As with so many other industries, advances in technology and the scope of digital business have opened a host of new avenues, not only to private sellers, but to estate agents as well.
You would assume that private sellers would benefit the most from innovative new ways to market a property online, as it dramatically increases the scope and reach of their marketing efforts. However, this was not the case, as the digital dominance of the leading portals expanded ever further, sellers considering a private sale were increasingly put off by the inability to list on these key platforms.
Major portal’s refusal to accept private listings hinges on the fact that their business model relies on charging the agent representing the property, and not the seller. Partly because of this, the relationship between leading portals and private sales providers has been frosty at best, and confrontational at worst.
So as a private seller in today’s market, wanting to avoid the involvement of an estate agent, but still secure a listing on arguably the most valuable property platforms available, what does one do?….
Enter the Online Estate Agents – facilitating a listing on the leading portals, without involvement of a traditional agent.
OEAs supposedly represented a middle ground between the all singing all dancing high-street service at one end, and the DIY, pure, private sales approach at the other. However, in reality, a number of these online agents offer little more by way of service and support than a typical pure private sales website. The House Shop for example offer much the same services you would expect from an OEA – EPCs, floor plans, viewing arrangements, descriptions, photography, advice etc. – with the exception of the ill-defined ‘sales progression’.
So what really is the difference between some online estate agency sites and private sales sites? The answer is very simple. One will secure you a listing on the leading portals. The other will not.
Would it be fair to call homeowners selling through an online agent ‘private sellers’?
It could be argued that if the leading portals accepted listings from private sellers, the private sales market in the UK would expand dramatically. Currently private sales account for a tiny proportion of the market, but if you included all sales made through an online agent into the same bracket, we would reach numbers comparable to larger foreign markets.
There is clearly demand from consumers to explore digital alternatives, as demonstrated by the sudden influx of press coverage focusing on ‘selling online’ and ‘selling your own home’. However ‘selling your own home’ now appears to mean listing with an online agent.

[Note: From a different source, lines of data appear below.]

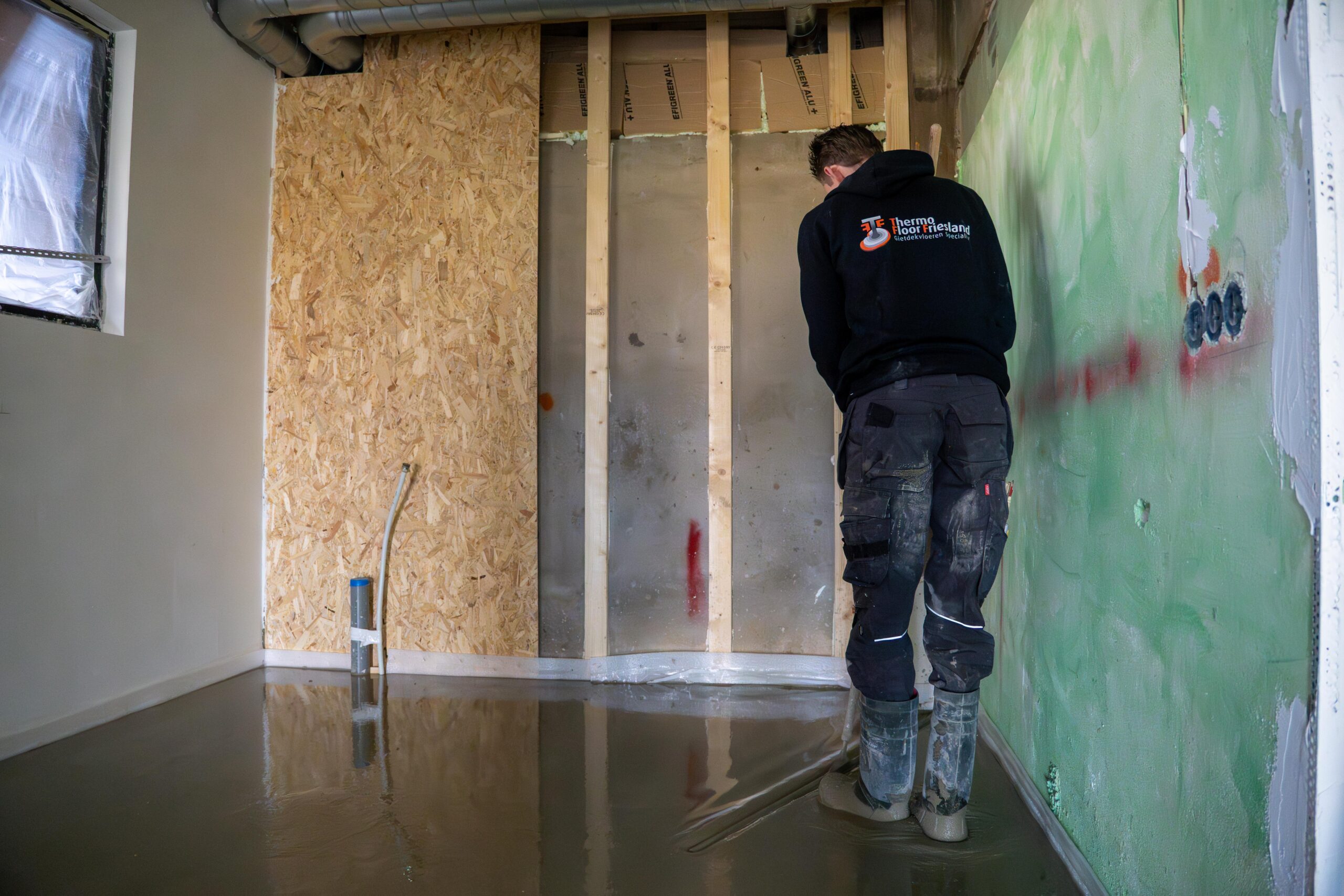 Een man staat in een kamer met een betonnen vloer-thermo floor friesland (Oudega)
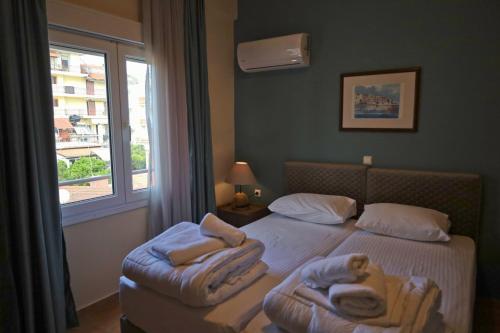 a bedroom with two beds with towels and a window at G. Kiapekou in Loutra Edipsou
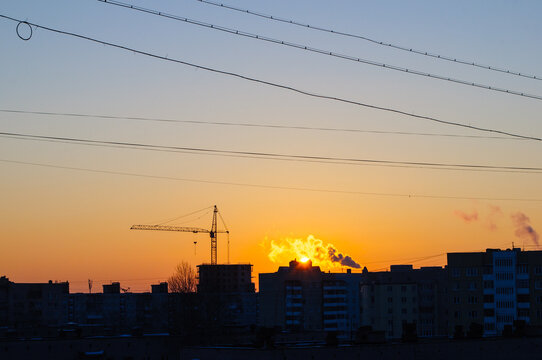 Urban sunset background. A bright sun setting behind residential buildings and a construction crane. Dark silhouettes of rooftops and steam under an orange gradient sky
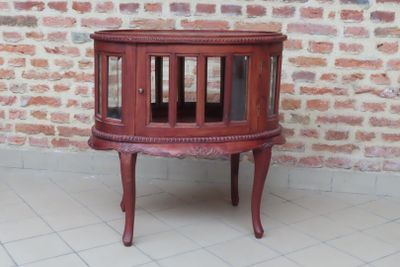 Table basse tambour ovale en bois teinté et sculpté ouvrant …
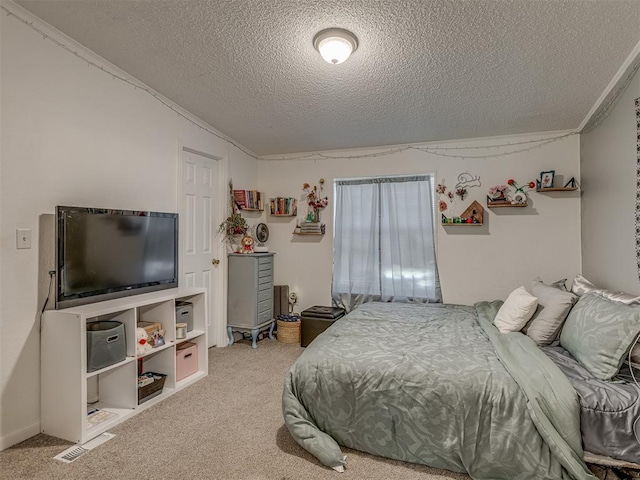 bedroom with a textured ceiling and carpet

In some cases the online estate agency has become the acceptable face of private sales, offering an FSBO service in all but name.
Demand for the much maligned private sales approach is out there – and a number of online agents are increasingly advertising themselves online under ‘private sales’ terms in search engines. Pure private sales providers will have to fight their corner against the onslaught of online agents, snapping up potential private sellers at the expense of private sales.